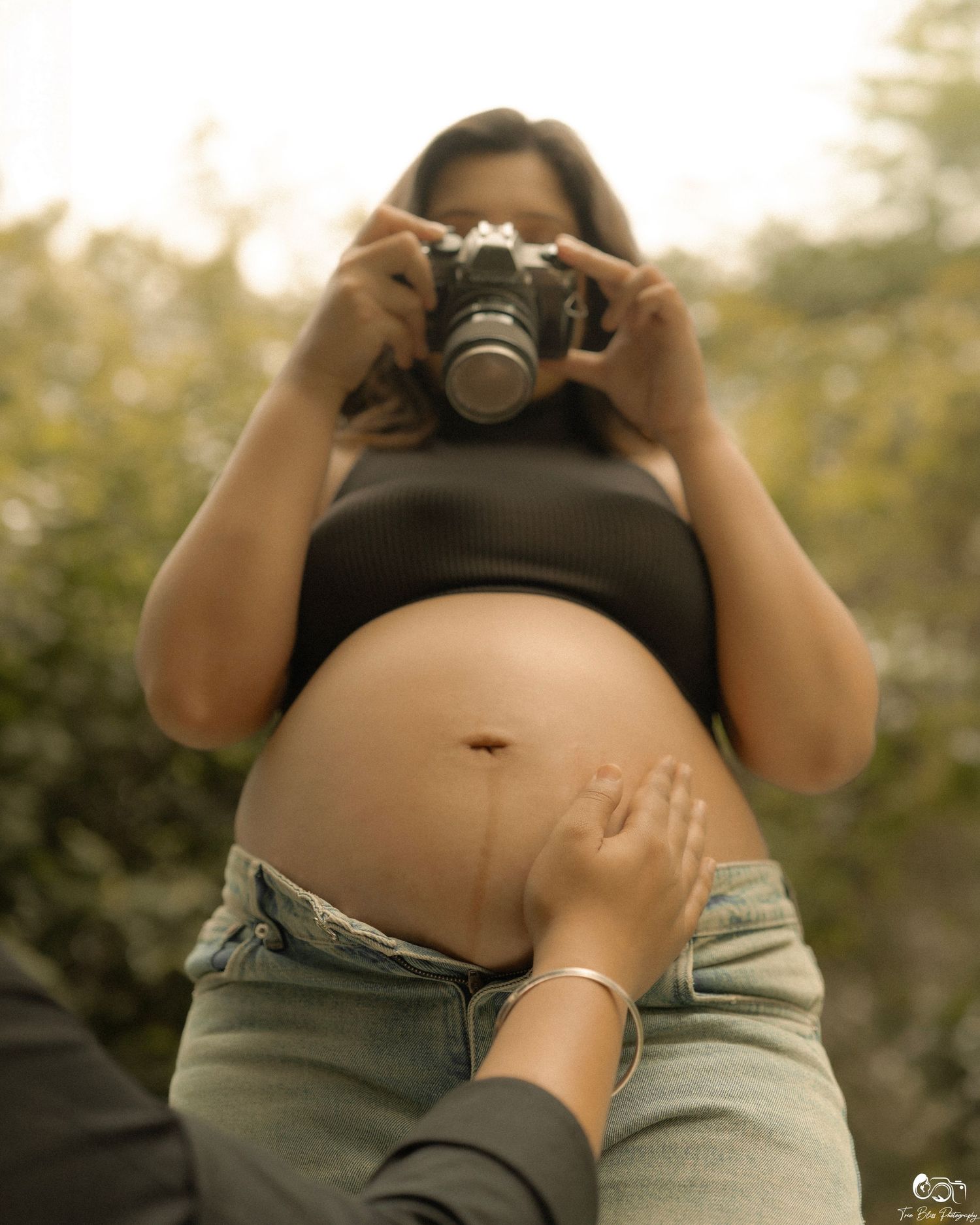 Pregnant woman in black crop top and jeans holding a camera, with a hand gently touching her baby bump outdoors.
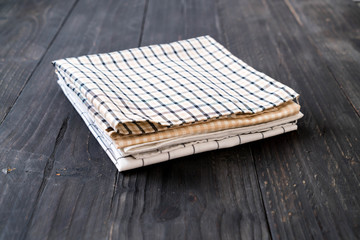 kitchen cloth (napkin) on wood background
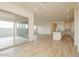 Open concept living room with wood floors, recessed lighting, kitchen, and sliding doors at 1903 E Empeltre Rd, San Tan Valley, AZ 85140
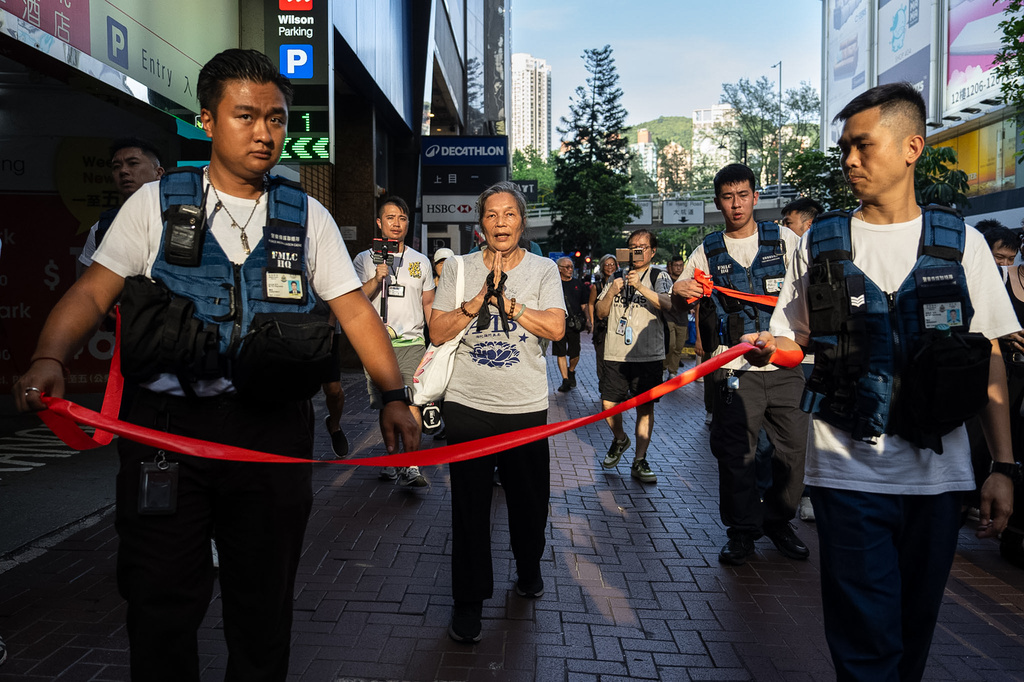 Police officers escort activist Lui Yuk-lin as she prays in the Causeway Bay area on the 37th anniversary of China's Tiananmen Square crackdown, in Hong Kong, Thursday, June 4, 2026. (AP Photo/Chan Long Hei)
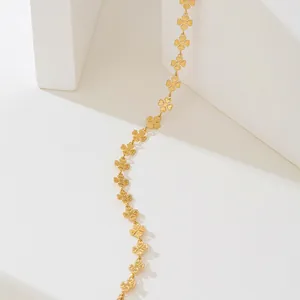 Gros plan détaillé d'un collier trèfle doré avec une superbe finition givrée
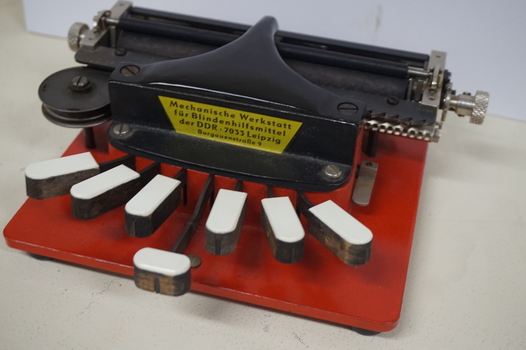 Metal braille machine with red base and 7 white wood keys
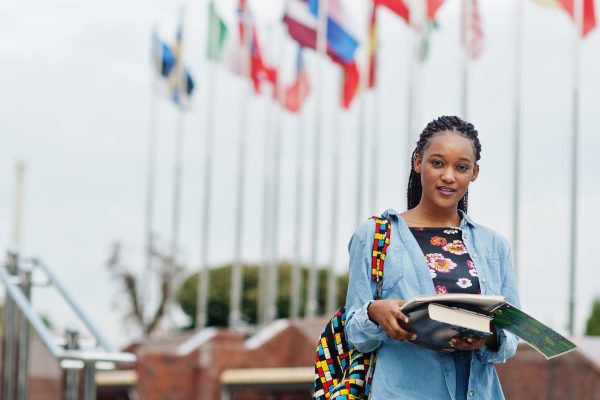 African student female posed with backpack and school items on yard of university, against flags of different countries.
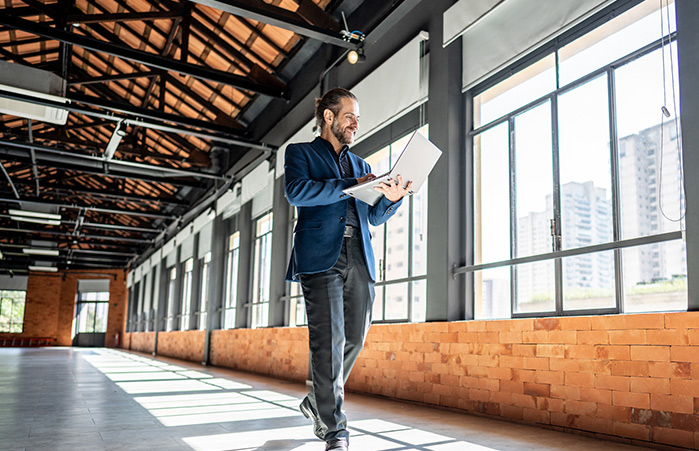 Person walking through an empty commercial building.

EXERCISE REQUIREMENTS — Each record has to be set down verbatim, and the pictures must not appear in the copy.

YOUR RESPONSE —
 Pregnant woman in black crop top and jeans holding a camera, with a hand gently touching her baby bump outdoors.
 kitchen cloth (napkin) on wood background
 Open concept living room with wood floors, recessed lighting, kitchen, and sliding doors at 1903 E Empeltre Rd, San Tan Valley, AZ 85140
 Police officers escort activist Lui Yuk-lin as she prays in the Causeway Bay area on the 37th anniversary of China's Tiananmen Square crackdown, in Hong Kong, Thursday, June 4, 2026. (AP Photo/Chan Long Hei)
 Gros plan détaillé d'un collier trèfle doré avec une superbe finition givrée
 Metal braille machine with red base and 7 white wood keys
 African student female posed with backpack and school items on yard of university, against flags of different countries.
 Person walking through an empty commercial building.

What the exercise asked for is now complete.